I am not a Windows Network Administrator but I have heard that these tasks have got easier from a friend of mine that is a network administer for a few 100 computers in an Education environment.
The point is that Microsoft sell a version of 10 for us plebs and they sell a version to business .. while essentially the same has a different default config out of the box.
> Hard to take the guy seriously when his complaints about Windows 10 have the usual age old lies about Performance degradation(!) and Windows updates being slow
Care to prove him wrong? Or you are a Microsoft fanatic?
The burden of proof really isn’t on me regarding the “apparent” problems with Windows Updates and Speed degradation.
I haven’t seen one performance test ever on any website that is along the lines of:
* Running a CPU bound task, IO bound task, GPU bound task on a new Windows installation
* Running the same 3 tests after 6 months of use.
He offers no real stats or reproducible results of his claims about Windows 10 regarding performance.
Edited 2016-01-27 19:36 UTC
It’s not about benchmarks – when people run them they unload all Windows applications but people do not work in benchmarks, they work in real life applications.
Compare a new Windows installation with a Windows installation that has 50+ software titles installed, 10+ resident applications running, 20+ applications in automatic start up and you’ll probably realize that Windows tend to slow down over time.
Consider various Adobe’s auto updaters and start up optimizers, consider Oracle’s Java updater, consider McAffee security scan which most people install without thinking.
Don’t get me started on multitude of custom updaters by Autodesk, Corel, Google and other companies.
Yeah, in your little perfect world you only run plain Windows, plus Windows Defender and your $favourite_webbrowser.
The truth is Windows Defender sucks as an AV, in fact even top AV solutions nowadays suck and you must have at least malwarebytes antimalware installed to be safe.
Every AV, every malware defender, every messenger, every updater, Steam/Uplay/etc. add their own footprint and do not tell me they don’t slow down Windows considerably.
In fact, you sound like a Microsoft shill or a person who hasn’t really worked with thousands of Windows PCs. I will ignore your comments from now on, ’cause I don’t care about astoturfers.
If I ran any Operating system with lots of background tasks it would become unresponsive. It is not the OSes fault.
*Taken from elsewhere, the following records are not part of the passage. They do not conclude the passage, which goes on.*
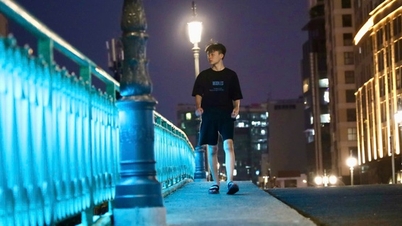 호치민시 중심부의 많은 유물들은 밤에 새로운 "밝은 코트"를 입습니다.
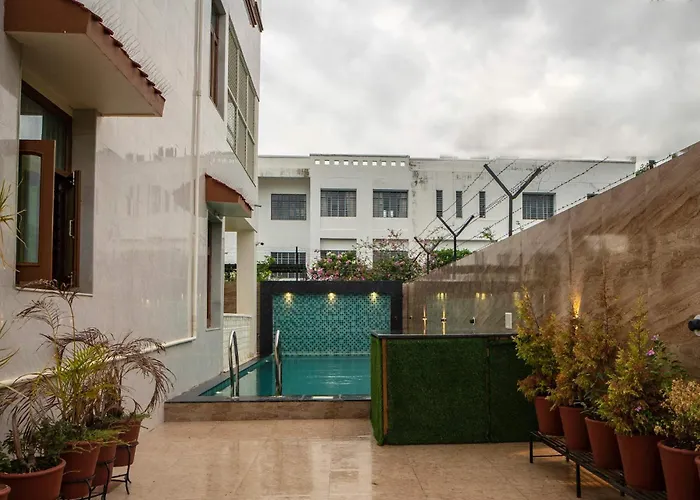 Arna Villa By Veo - Part Of Stayvista Udaipur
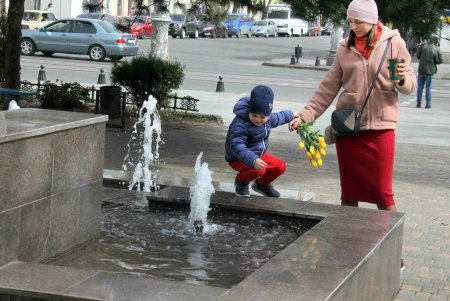 Первого апреля в центре Одессы заработали фонтаны (фоторепортаж)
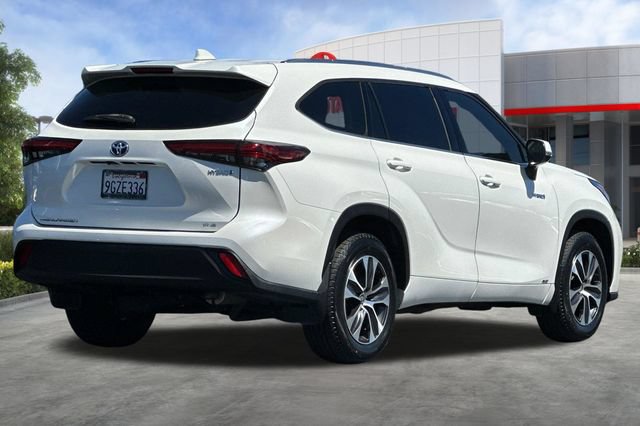 Used 2020 Toyota Highlander XLE AWD/4WD image 5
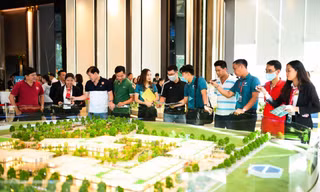 Giá nhà bỏ xa thu nhập người dân Hà Nội và TPHCM
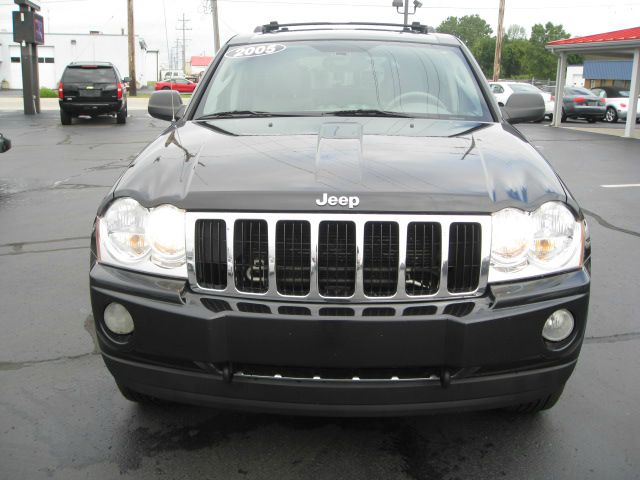 Jeep Grand Cherokee Super SUV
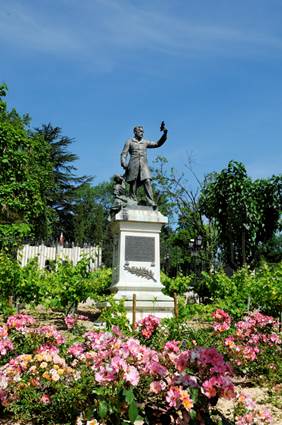 Statue Pasteur Alès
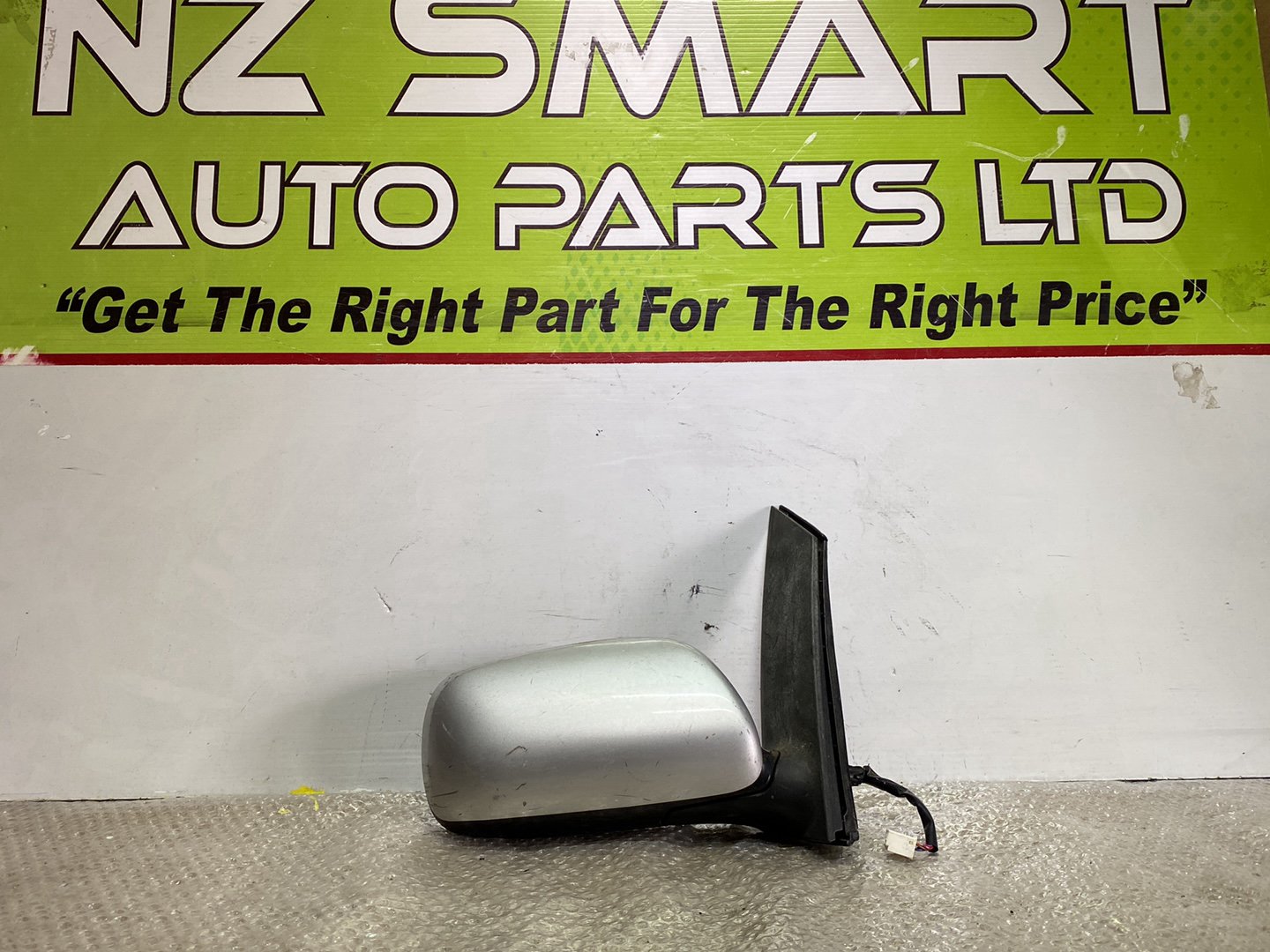 2006  Used Toyota Wish- Right Door Mirror PN: 5 wires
What you are complaining about is crap software that happens to be popular that tends to be installed alongside the OS. No argument on that, I make sure that a lot of that crap never gets to touch my machine.
As for me being some sort of shill …
http://imgur.com/a/0Zed9
The pics
*Install of OpenBSD on my laptop
*Running raspbian on a RPi2
*Setting MacOSX up and XCode up for iOS dev.
Stop being a f–king dick.
Edited 2016-01-29 20:00 UTC
No they are not. You’re just overly critical. Most of those criticisms are not experienced by most users. Some of those like the update mechanism are valid and make sense, but the tacky ones degrade the quality and make the signal to noise ratio suck.